The two women are also instrumental in heightening awareness about organ donation, just as they strive to dispel myths. They want everyone to know that the first step in the process never takes place until an individual is declared brain dead or after cardiac death, when there is no hope of survival. In order to preserve organs, the heart is kept beating as the patient remains on a ventilator, but that person could neither live nor breathe on her own. 

Both Christy and Penny emphatically assure the public that before donation is even considered, every means possible is taken to preserve the life of anyone in the ICU.

“We never move forward until everything is exhausted,” Christy says. 

“No care is shortchanged in order to promote donation,” Penny added. “Ever.”

Penny also speaks to the mistaken belief that age or illness would preclude a person from being an organ donor. “You’d be surprised,” she says. There are criteria that may prevent organ donation, she says, but every death in the hospital is assessed for the potential to donate. And while thousands of people nationwide desperately await kidneys, hearts and livers, there are many more whose lives are improved through donations of tissues, corneas, tendons and bone. Tissues help burn victims and corneas bring sight to the blind, just as tendons and bone fragments are frequently used during surgeries.

“Between 150 and 200 people benefit from each tissue donor,” Penny says.

She also reminds the public that donated organs are removed in such a way that the family can have an open casket, she adds. 

In mid-July, Christy had just wrapped up an emotionally draining week. There’d been a surge in tragic deaths that left three families not only reeling from their losses but forcing them to agonize over whether to donate their loved one’s organs in the midst of their grief. 

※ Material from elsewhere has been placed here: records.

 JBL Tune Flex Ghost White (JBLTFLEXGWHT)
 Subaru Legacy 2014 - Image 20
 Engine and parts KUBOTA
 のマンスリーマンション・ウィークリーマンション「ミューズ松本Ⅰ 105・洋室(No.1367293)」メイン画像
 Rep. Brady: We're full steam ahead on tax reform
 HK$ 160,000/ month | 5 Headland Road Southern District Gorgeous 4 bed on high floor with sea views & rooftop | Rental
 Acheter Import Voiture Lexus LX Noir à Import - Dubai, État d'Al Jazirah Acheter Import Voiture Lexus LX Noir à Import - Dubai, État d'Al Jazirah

Christy wishes the discussions had taken place before the crisis. “It’s sometimes the one piece of hope they can hold onto,” she says.

Facts & Figures

59 — The percent of Montanans last year who registered as organ donors on their drivers’ licenses, above the national average. 

38 — Number of Montanans who donated organs in 2023. 

113 — Those 38 donors provided life-saving organs to 113 people.

149 — Number of Montanans currently awaiting a life-saving organ transplant.

100,000 — Number of people nationally who are waiting for organs.